Excerpted records:
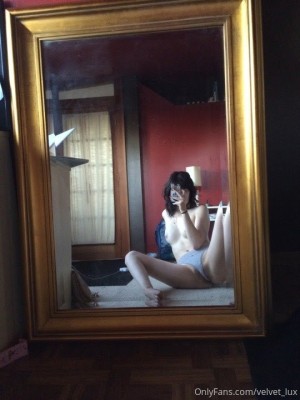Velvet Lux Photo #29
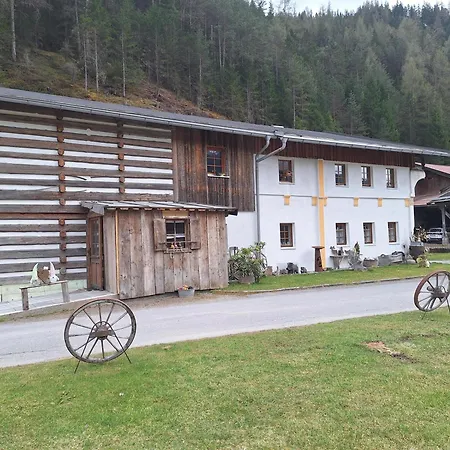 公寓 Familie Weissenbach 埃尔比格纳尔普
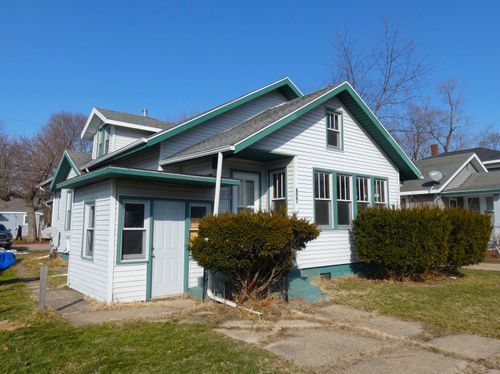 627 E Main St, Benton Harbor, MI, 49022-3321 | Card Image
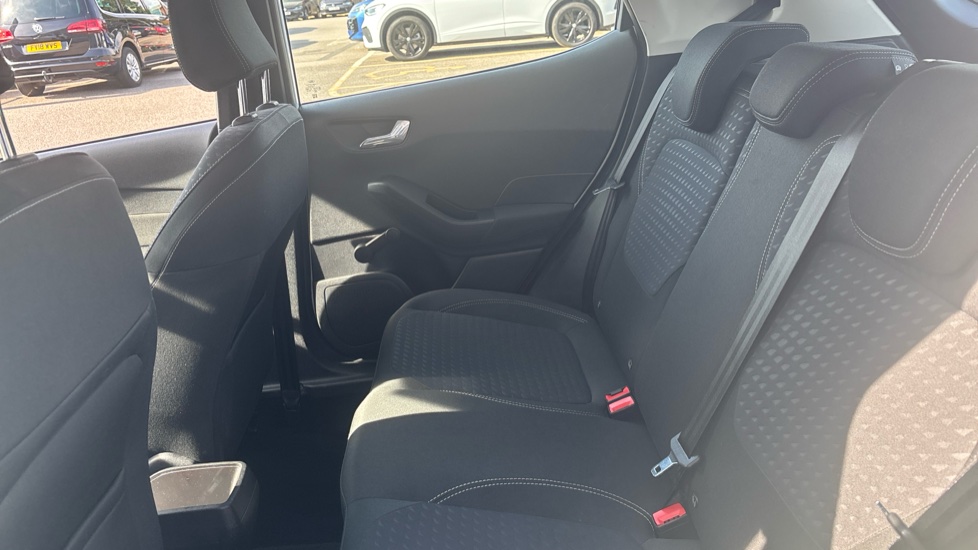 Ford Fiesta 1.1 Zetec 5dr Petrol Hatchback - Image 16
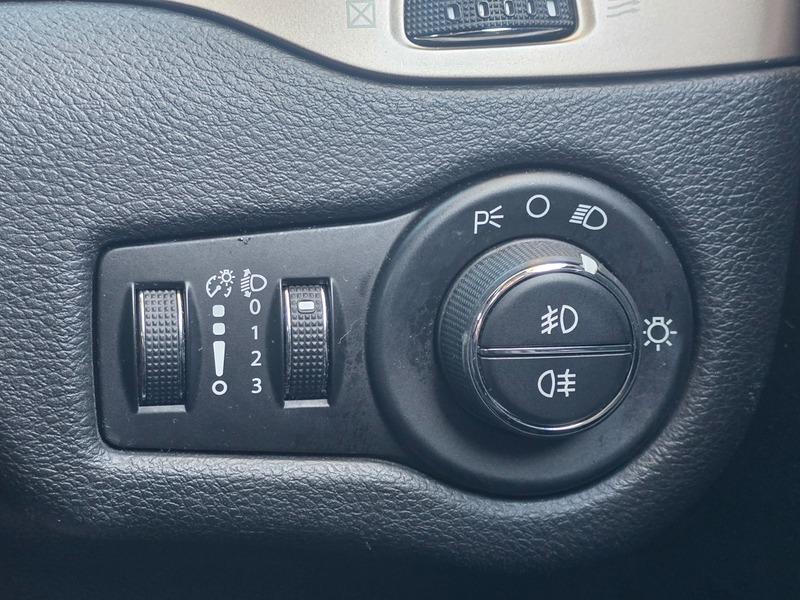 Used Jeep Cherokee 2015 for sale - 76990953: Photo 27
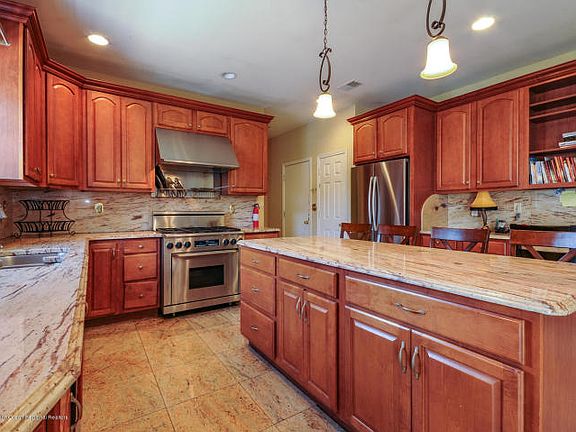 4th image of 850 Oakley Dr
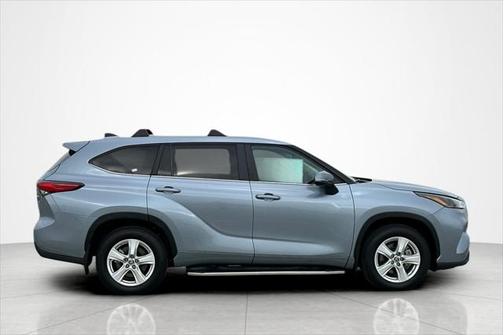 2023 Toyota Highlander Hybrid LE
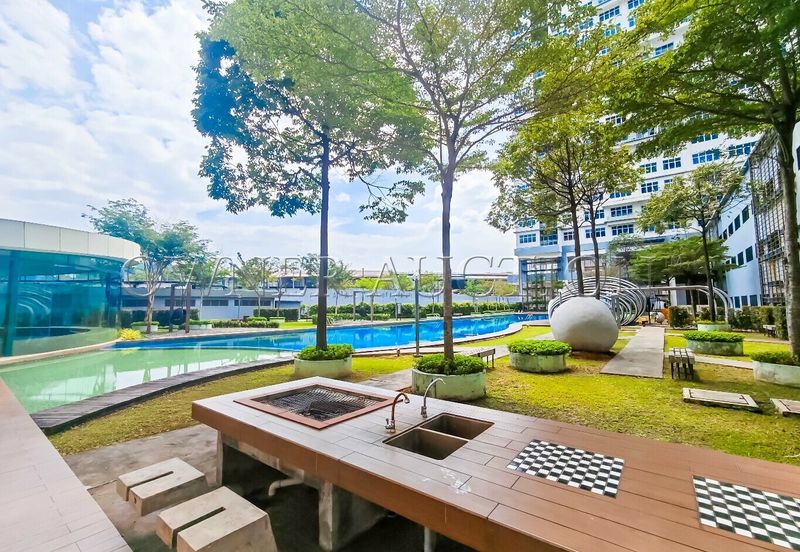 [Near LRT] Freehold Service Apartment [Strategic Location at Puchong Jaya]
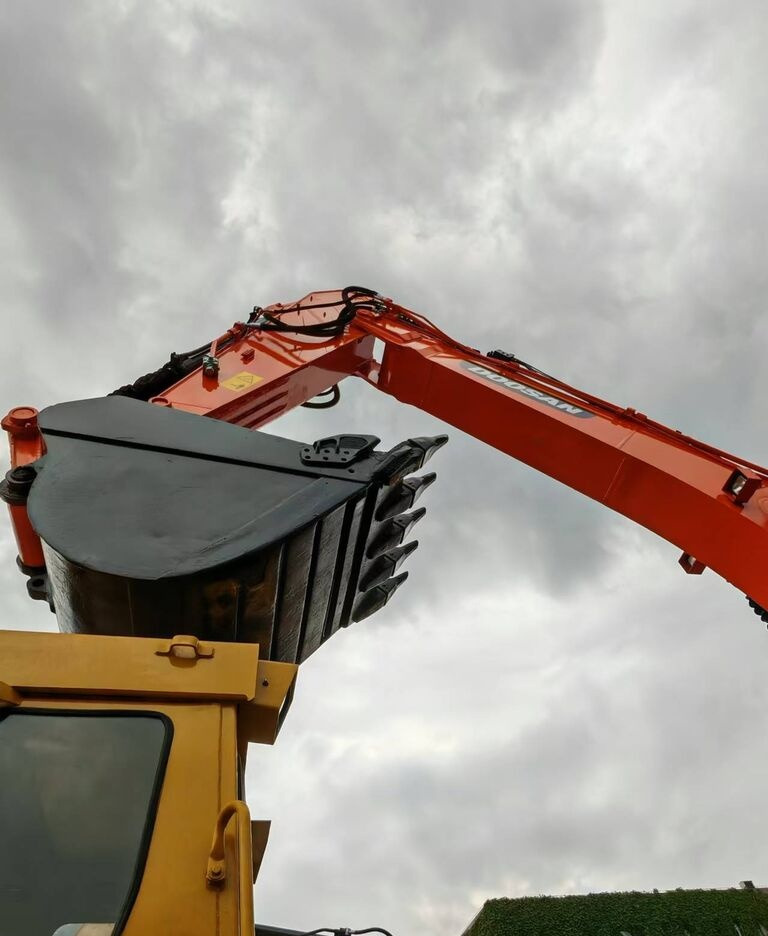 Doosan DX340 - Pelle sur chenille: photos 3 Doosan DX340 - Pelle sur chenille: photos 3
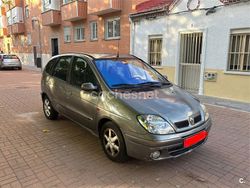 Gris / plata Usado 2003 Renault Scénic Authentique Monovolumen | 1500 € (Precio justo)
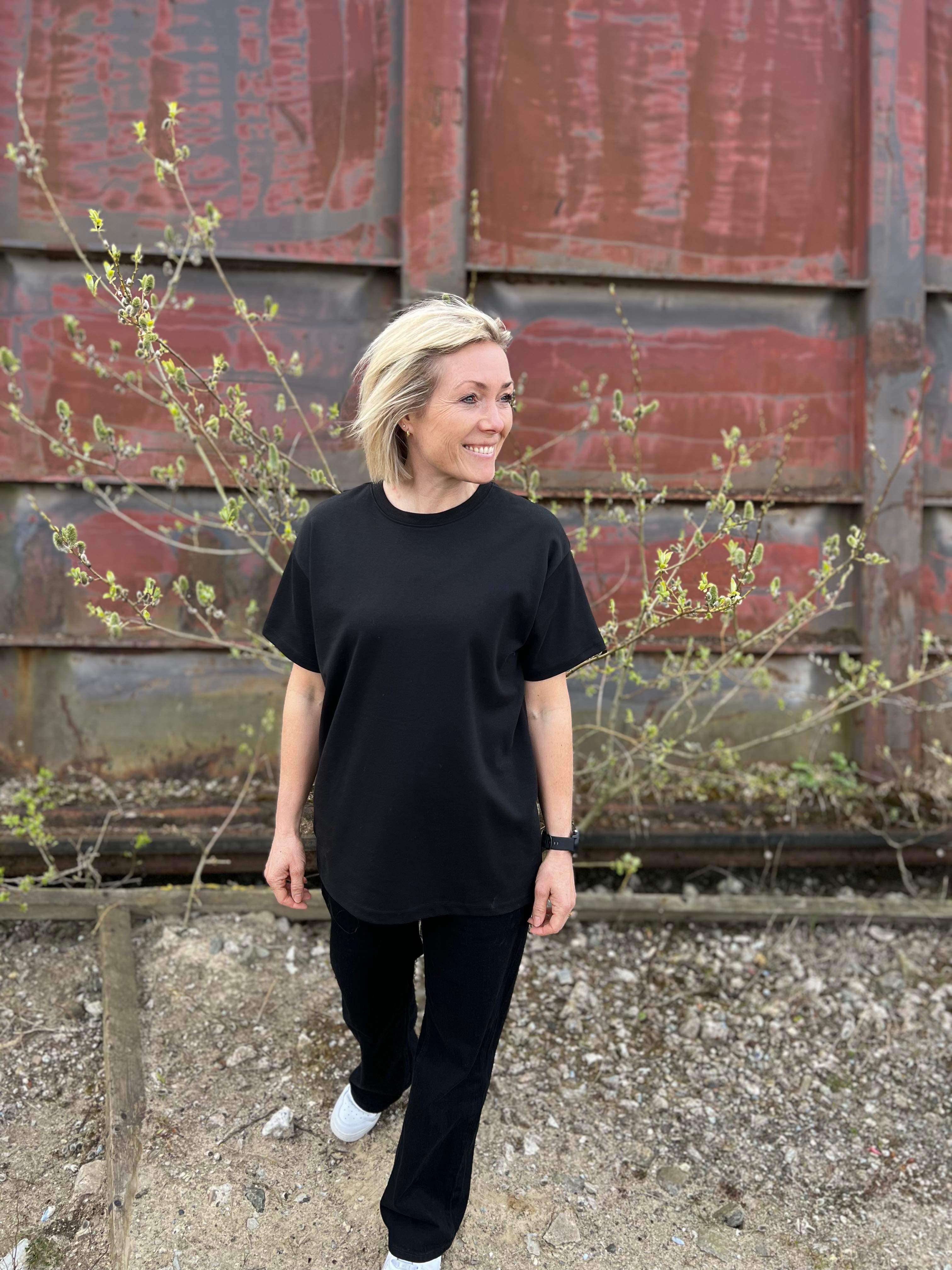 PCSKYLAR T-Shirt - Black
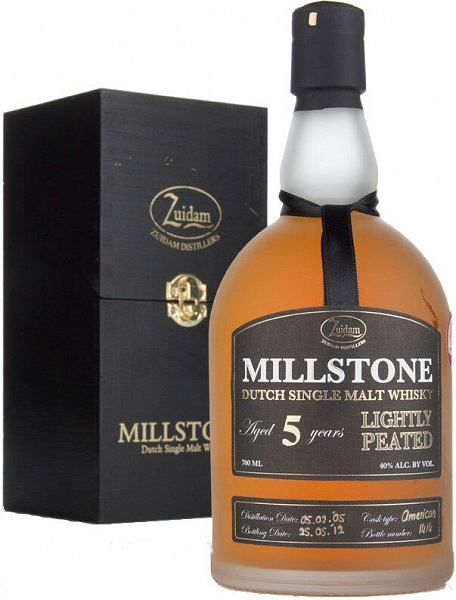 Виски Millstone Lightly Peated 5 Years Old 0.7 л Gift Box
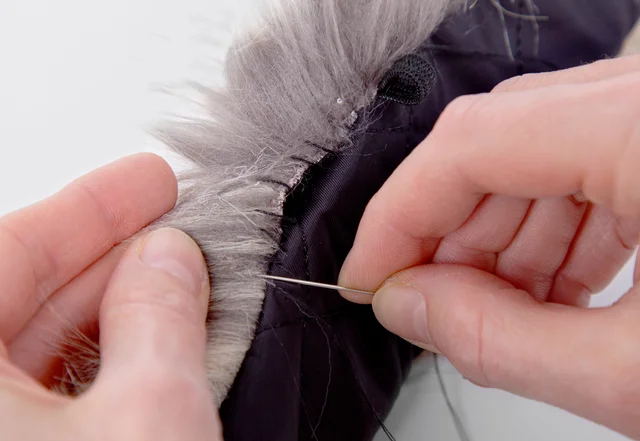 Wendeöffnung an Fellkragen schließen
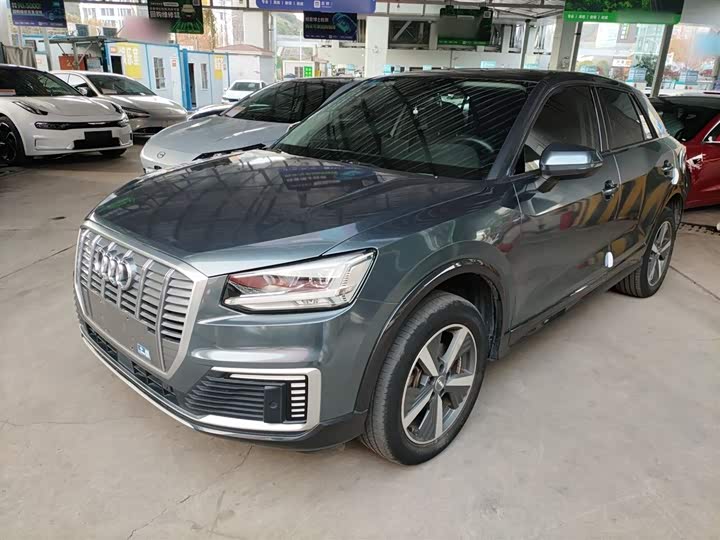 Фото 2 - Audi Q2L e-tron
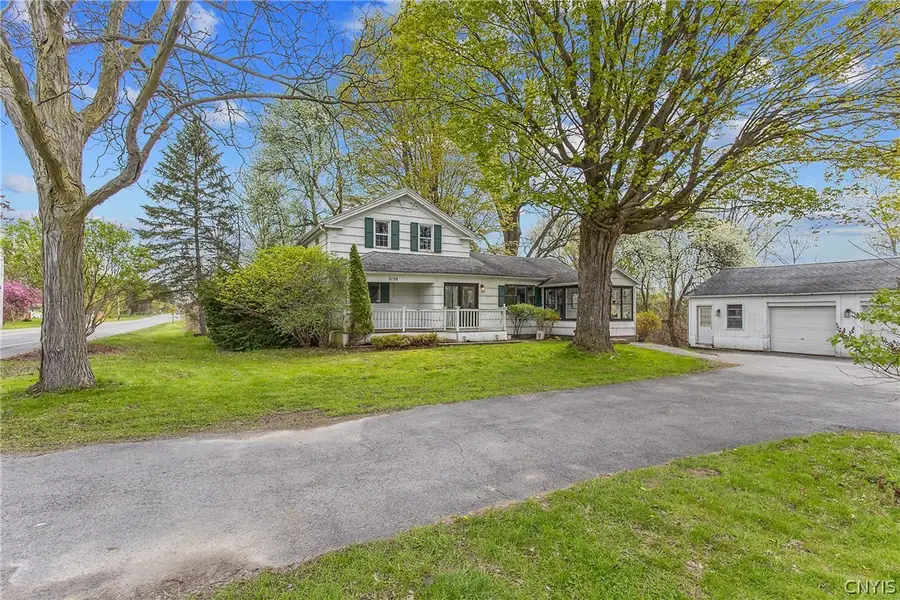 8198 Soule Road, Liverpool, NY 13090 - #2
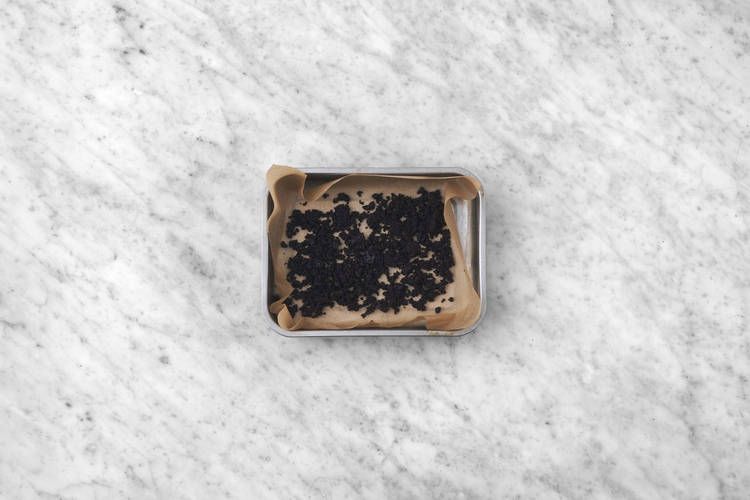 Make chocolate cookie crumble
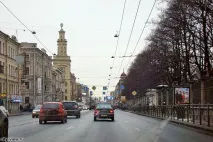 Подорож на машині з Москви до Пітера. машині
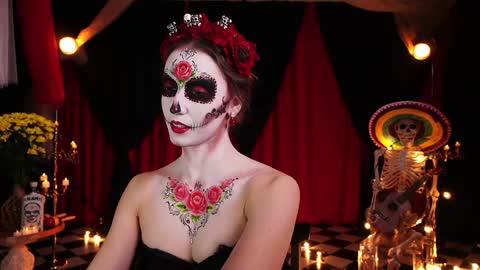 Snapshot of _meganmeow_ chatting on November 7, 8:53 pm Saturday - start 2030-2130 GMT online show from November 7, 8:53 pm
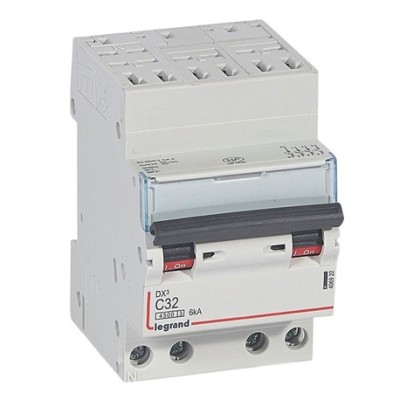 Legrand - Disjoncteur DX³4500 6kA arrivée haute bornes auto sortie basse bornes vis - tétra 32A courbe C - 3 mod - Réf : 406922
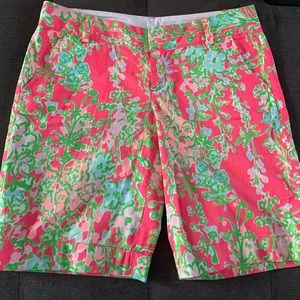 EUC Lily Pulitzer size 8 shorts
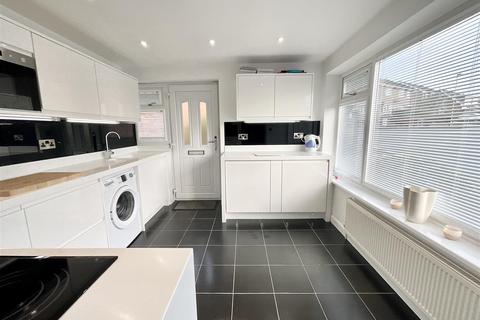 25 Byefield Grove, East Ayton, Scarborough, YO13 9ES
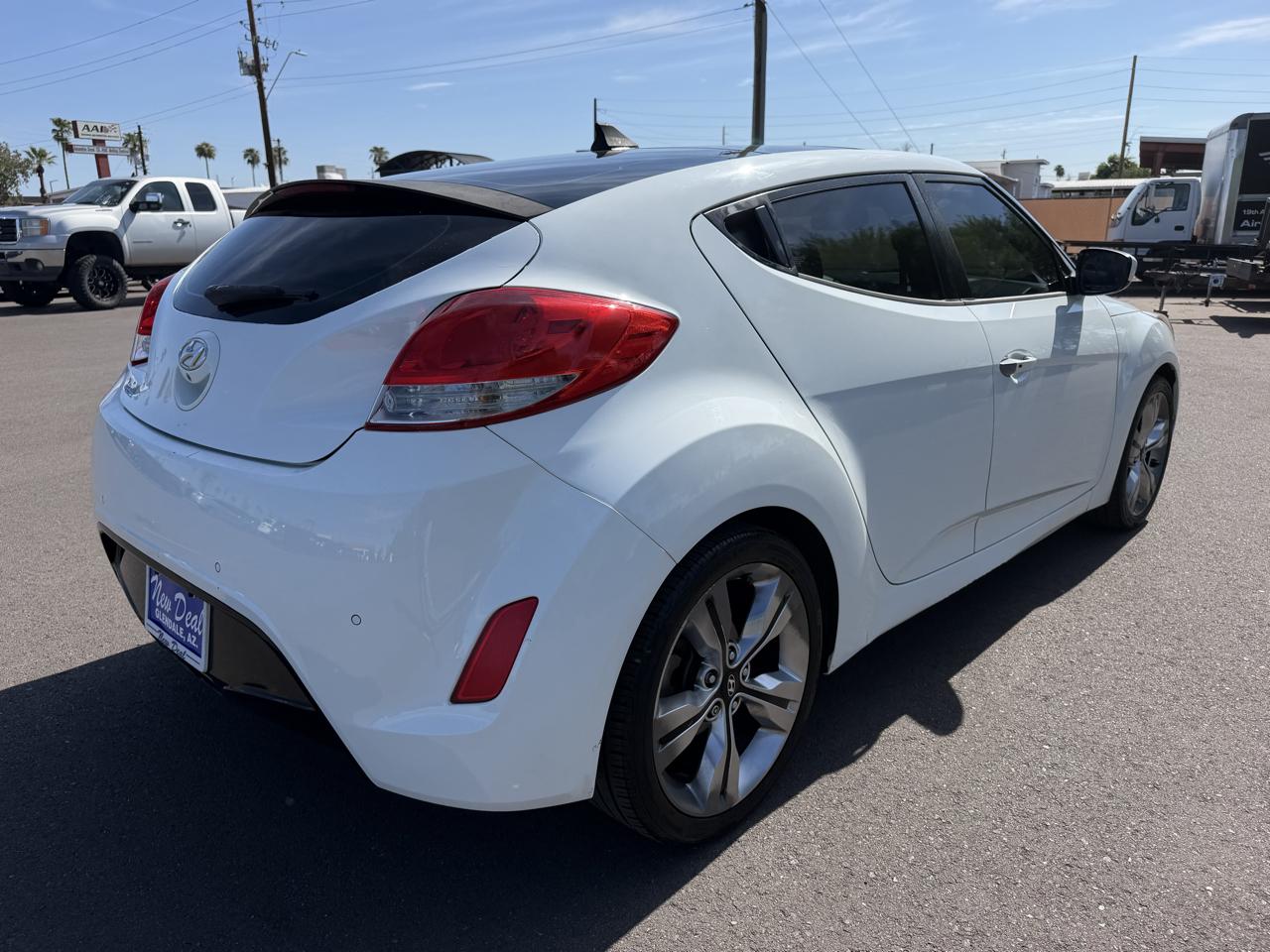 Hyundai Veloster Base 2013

Exercise instructions: The pictures in the entries above should be left out; all else must be copied exactly.

Answer space:
Velvet Lux Photo #29
 公寓 Familie Weissenbach 埃尔比格纳尔普
 627 E Main St, Benton Harbor, MI, 49022-3321 | Card Image
 Ford Fiesta 1.1 Zetec 5dr Petrol Hatchback - Image 16
 Used Jeep Cherokee 2015 for sale - 76990953: Photo 27
 4th image of 850 Oakley Dr
 2023 Toyota Highlander Hybrid LE
 [Near LRT] Freehold Service Apartment [Strategic Location at Puchong Jaya]
 Doosan DX340 - Pelle sur chenille: photos 3 Doosan DX340 - Pelle sur chenille: photos 3
 Gris / plata Usado 2003 Renault Scénic Authentique Monovolumen | 1500 € (Precio justo)
 PCSKYLAR T-Shirt - Black
 Виски Millstone Lightly Peated 5 Years Old 0.7 л Gift Box
 Wendeöffnung an Fellkragen schließen
 Фото 2 - Audi Q2L e-tron
 8198 Soule Road, Liverpool, NY 13090 - #2
 Make chocolate cookie crumble
 Подорож на машині з Москви до Пітера. машині
 Snapshot of _meganmeow_ chatting on November 7, 8:53 pm Saturday - start 2030-2130 GMT online show from November 7, 8:53 pm
 Legrand - Disjoncteur DX³4500 6kA arrivée haute bornes auto sortie basse bornes vis - tétra 32A courbe C - 3 mod - Réf : 406922
 EUC Lily Pulitzer size 8 shorts
 25 Byefield Grove, East Ayton, Scarborough, YO13 9ES
 Hyundai Veloster Base 2013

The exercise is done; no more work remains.